Beleidsregel Emissiegrenswaarden voor zware metalen

Geldend van 20-04-2010 t/m 31-12-2023

Intitulé

Beleidsregel Emissiegrenswaarden voor zware metalen

Beleidsregel Emissiegrenswaarden voor zware metalen

Inleiding

Voor het hoogheemraadschap van Schieland en de Krimpenerwaard (HHSK) is het belangrijk dat zware metalen geen probleem vormen voor de kwaliteit van het oppervlaktewater. Het is daarom nodig om lozingen van met zware metalen verontreinigd hemelwater te reguleren.

Op 1 januari 2008 zijn het Besluit algemene regels voor inrichtingen milieubeheer (het zogenaamde Activiteitenbesluit) en het Besluit lozing afvalwater huishoudens van kracht geworden. Tot die tijd gold binnen het beheersgebied van HHSK, op basis van artikel 1 lid 1 van de Wet Verontreiniging Oppervlaktewateren, een lozingsverbod voor zware metalen. In een beperkt aantal situaties is een vergunning verleend. In een aantal gevallen trad HHSK handhavend op.

Met het in werking treden van de bovengenoemde Algemene Maatregelen van Bestuur (AMvB’s) is een verandering opgetreden. In deze besluiten ontbreken concrete eisen voor lozingen van hemelwater. Daarmee is het lozen van verontreinigd hemelwater in principe toegestaan. HHSK beschouwt dit als een ongewenste situatie.

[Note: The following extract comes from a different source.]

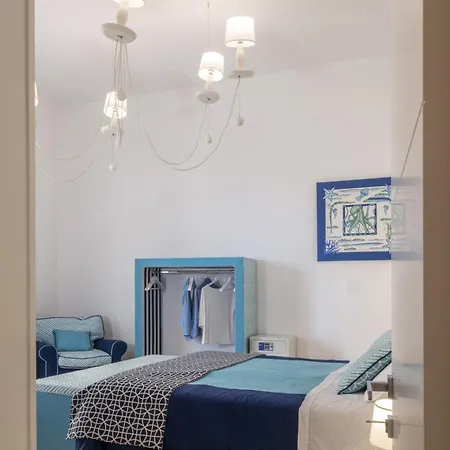 Mya Luxury Apartment Castellammare di Stabia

Op grond van de zorgplicht kan een waterschap (het bevoegde gezag) maatwerkvoorschriften opstellen om te voorkomen dat het oppervlaktewater wordt verontreinigd bij ongebruikelijke toepassingen, zoals dat onder meer is gedefinieerd in de toelichting bij het Besluit lozing afvalwater huishoudens. Deze beleidsregel vormt de grondslag voor het stellen van maatwerkvoorschriften voor de lozing van hemelwater dat zware metalen, onopgeloste bestanddelen en minerale olie bevat. Het betreft hemelwater dat afkomstig is van:

1.      daken en gevels;

2.      steigers, bruggen en andere installaties in of boven het oppervlaktewater;

3.      verhard oppervlak bij particulieren en bedrijven.

Doel

Voor lozingen van verontreinigd hemelwater stelt het hoogheemraadschap stelt zich ten doel:

1.      toxische effecten van zware metalen, minerale olie en onopgeloste 

         bestanddelen zoveel mogelijk te beperken;

2.      verslechtering van de waterkwaliteit te voorkomen;

3.      afwenteling naar een ander milieucompartiment tegen te gaan.

Hoe gaat HHSK om met lozingen van hemelwater op oppervlaktewater?

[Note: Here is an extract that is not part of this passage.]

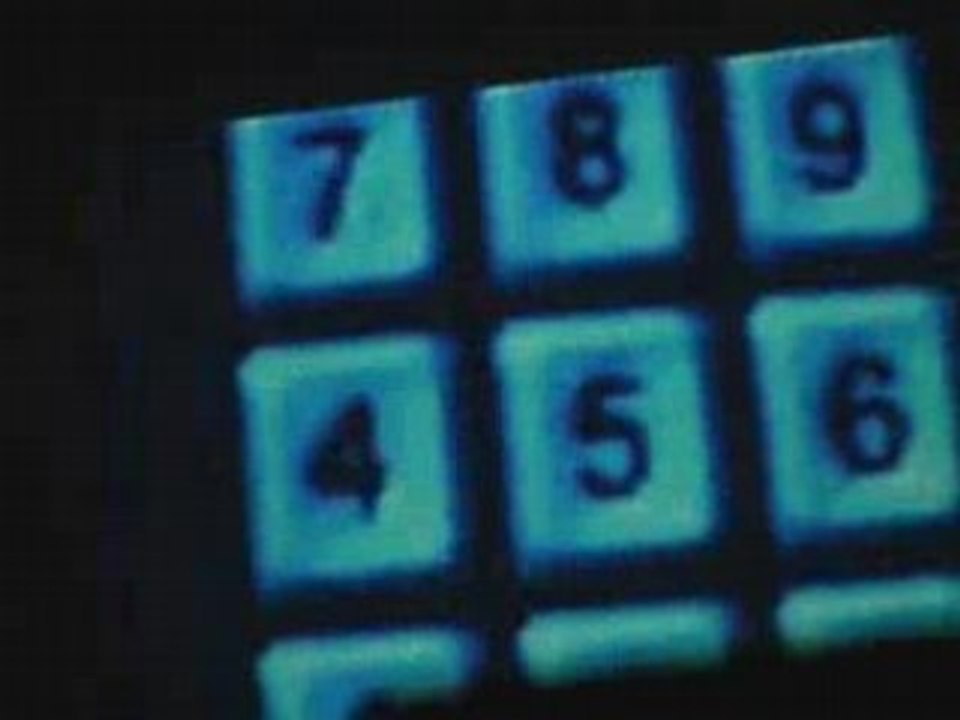 Demo Vision'R 2007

  • Puntlozingen van met zware metalen, minerale olie en/of onopgeloste bestanddelen verontreinigd hemelwater zijn niet toegestaan, tenzij de concentratie in het afstromende hemelwater lager is dan de onderstaande norm (emissiegrenswaarde voor puntlozing):

Tabel

Stof

Totaal concentratie in afstromend hemelwater(μg/l)

Cadmium

2

Koper

11,4

Lood

220

Nikkel

6,3

Zink

120

Minerale olie

500

Onopgeloste bestanddelen

50 (mg/l)

  • Diffuse lozingen van met zware metalen verontreinigd hemelwater zijn niet toegestaan, tenzij de initiatiefnemer op basis van afspoelings- en waterkwaliteitsgegevens kan aantonen dat de bestaande kwaliteit van het ontvangende oppervlaktewater niet verslechtert. Verslechtering wordt daarbij als volgt uitgedrukt: 

    a) er mag geen meetbare verhoging van de achtergrondconcentratie optreden

        (stand-still-beginsel); 

    b) het is niet toegestaan dat wateren die voldoen aan de getalswaarden voor

        waterkwaliteit in het Besluit Kwaliteitseisen en Monitoring Water (BKMW) als

        gevolg van een lozing niet meer aan deze waarden voldoen (geen achteruitgang). 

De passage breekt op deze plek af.